Back in April, in response to a question about whether she feels pressure in the lead-up to her third album, rumored to be titled The Pinkprint, Nicki told MTV, “I care less about the acceptance and more about me being the lyrical, ill bitch that I am, knowing that I am lyrically better than most of the male rappers out there—yes, I’m gonna say it. I don’t get the credit that I deserve… I’ve put in my work lyrically, and people act like it doesn’t exist.” Kendrick should’ve heard her. She’s adamant, and very vocal, about the fact that the requirement to prove herself has to do with her gender. She’s right, and it’s a grim reality—but the better Nicki gets, the closer she gets to inverting it.
Nicki knows that, and that’s why you can tell that she goes out of her way to shine on guest verses. Three years ago, she ranted about her infamous behavior at photo shoots, explaining that, “You have to be a beast; that’s the only way they respect you.” She brings the same attitude to her music, which is a blessing for us as listeners. Nicki offers a really exciting perspective on what can be a lot of dull, trite material. Her talent would be remarkable coming from anyone, but there’s an additional allure that has a lot to do with her being a woman. After years of doubt, it’s starting to work to her advantage.
It’s the same realization Eminem came to when he said, “My skin, is it starting to work to my benefit now?” on “White America.” It’s the reason Kanye West is still screaming about “pink ass Polos with a fucking backpack” on his new album: he knows that being the anti-gangster was both the main obstacle in, and the saving grace of, his rap career. There’s a simple advantage in fan curiosity when one is able to switch things up. The combination of skill and a unique point of view is always going to win people over, but Nicki Minaj, Eminem, and Kanye’s talents and personas are all amplified because they function in such great contrast to the status quo.
“Monster” is the most famous example of Nicki knowing what’s at stake with a star guest performance.
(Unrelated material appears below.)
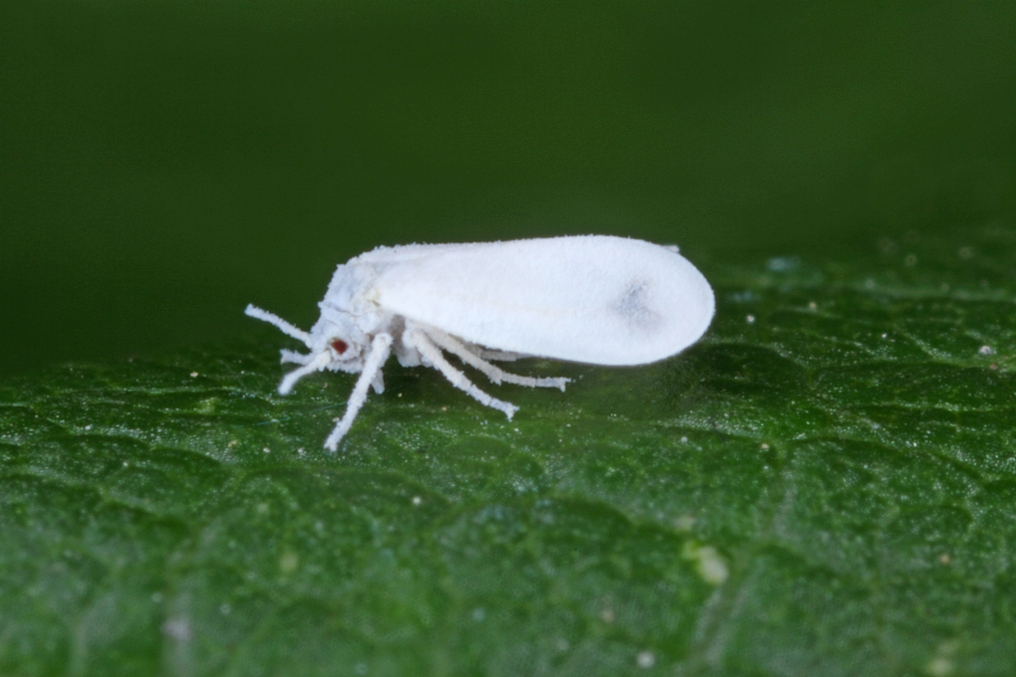 Musculița albă de seră (Trialeurodes vaporariorum)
Her features on Trey Songz’s “Bottoms Up,” Ludacris’ “My Chick Bad,” Drake’s “Make Me Proud,” Big Sean’s “Dance (Ass),” and Birdman’s “Y.U. Mad” show the same awareness. Her repeated dalliances with the pop formula seek to diminish the impact of Nicki’s accomplishments in the eyes of rap purists, but then she gets on tracks with her contemporaries, embarrasses them, and breaks down any conspiracy that her relevance is only attributable to records like “Super Bass.”
Nicki having the standout verse on a record is a multi-faceted win. It’s a victory for her credibility as an MC in the generally competitive world of hip-hop, but it’s also a victory for her as a woman operating within a genre that by nature wants to disqualify her. She knows that there’s a respect greater than record sales and YouTube views to be gained every time she lays a guest verse—especially on a song with a man—and that’s why she hasn’t slacked on one in a long time, and probably never will.
Even if everything in the world was politically just, Nicki would still be rapping well out of respect for her craft, but going off the way things are now, we can’t ignore that there’s a larger social framework with which to view her raps against. Nicki’s work will always have this additional context to it, and it’s a responsibility that she doesn’t avoid. Her next album will benefit from that tenacity, but until then, we’ll have to look to her guest appearances. Good luck to anyone who has to get on a track with her.
Ernest Baker is a writer living in Los Angeles. He’s the rare case of a sensitive thug who doesn’t need hugs.